| Source material |
----------------------------------------

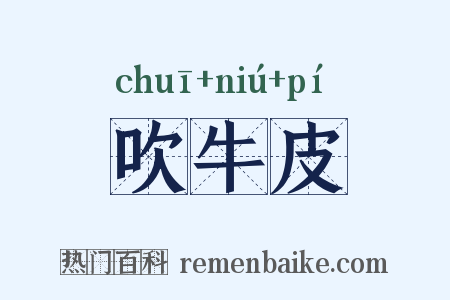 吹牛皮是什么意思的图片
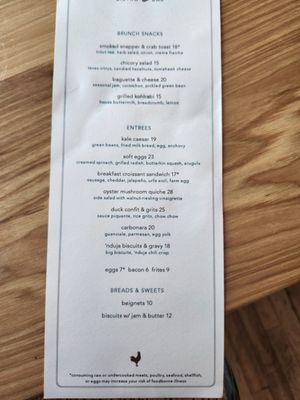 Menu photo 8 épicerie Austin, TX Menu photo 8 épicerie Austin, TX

----------------------------------------

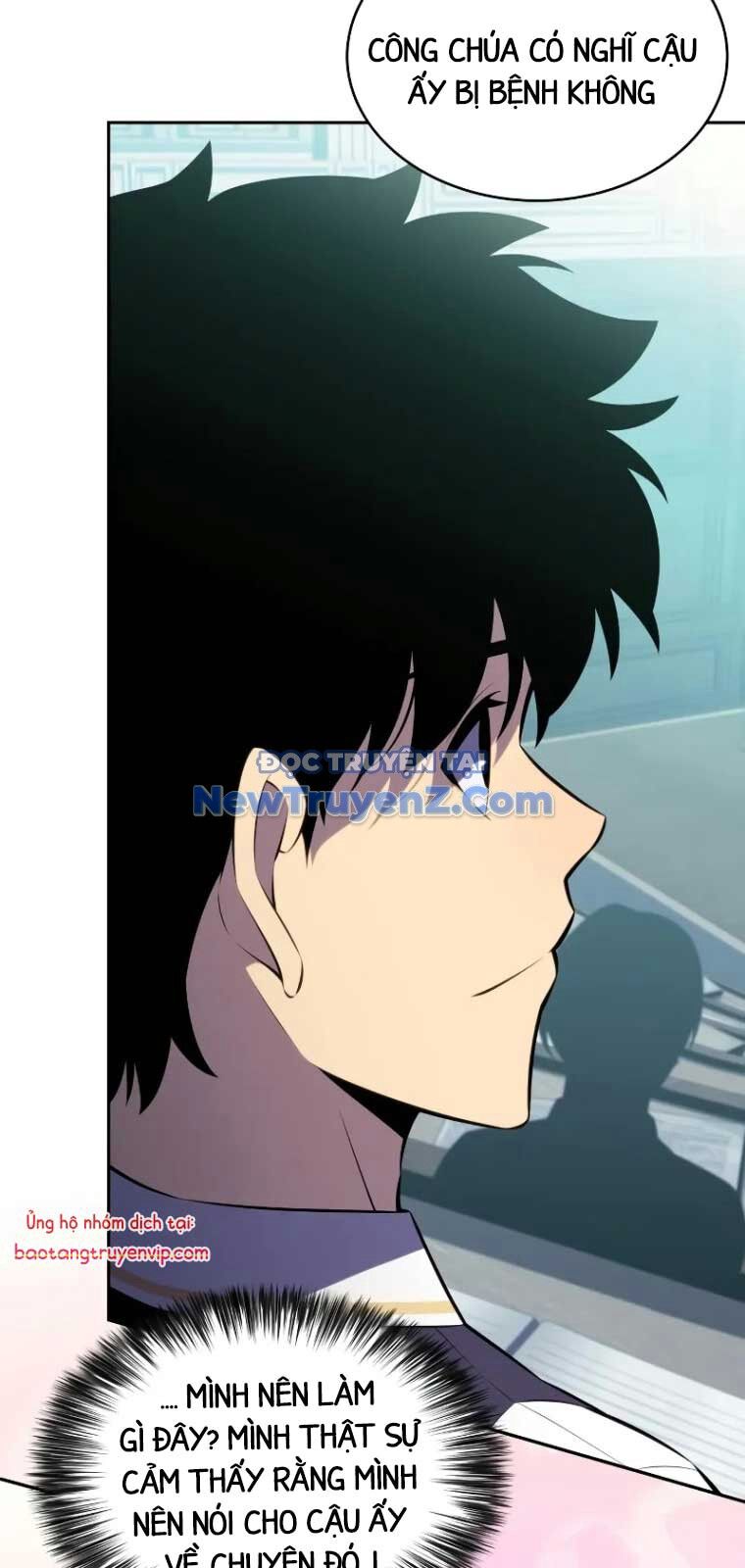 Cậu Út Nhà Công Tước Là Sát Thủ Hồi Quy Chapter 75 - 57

----------------------------------------

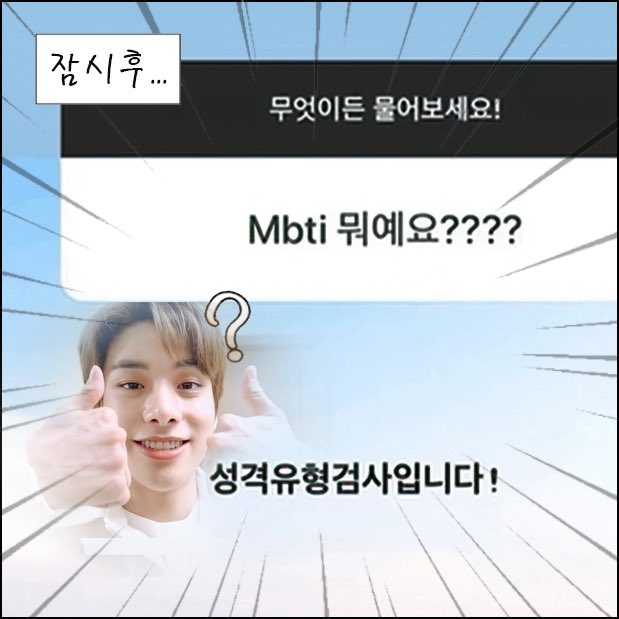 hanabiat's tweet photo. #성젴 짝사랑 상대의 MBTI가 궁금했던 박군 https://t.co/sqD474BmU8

----------------------------------------

| Assignment |
Write out the lines above from the one with "吹牛皮是什么意思的图片" through the one with "Menu photo 8 épicerie Austin, TX Menu", ends included, exactly; no picture goes in.

| The completed task |
 吹牛皮是什么意思的图片
 Menu photo 8 épicerie Austin, TX Menu photo 8 épicerie Austin, TX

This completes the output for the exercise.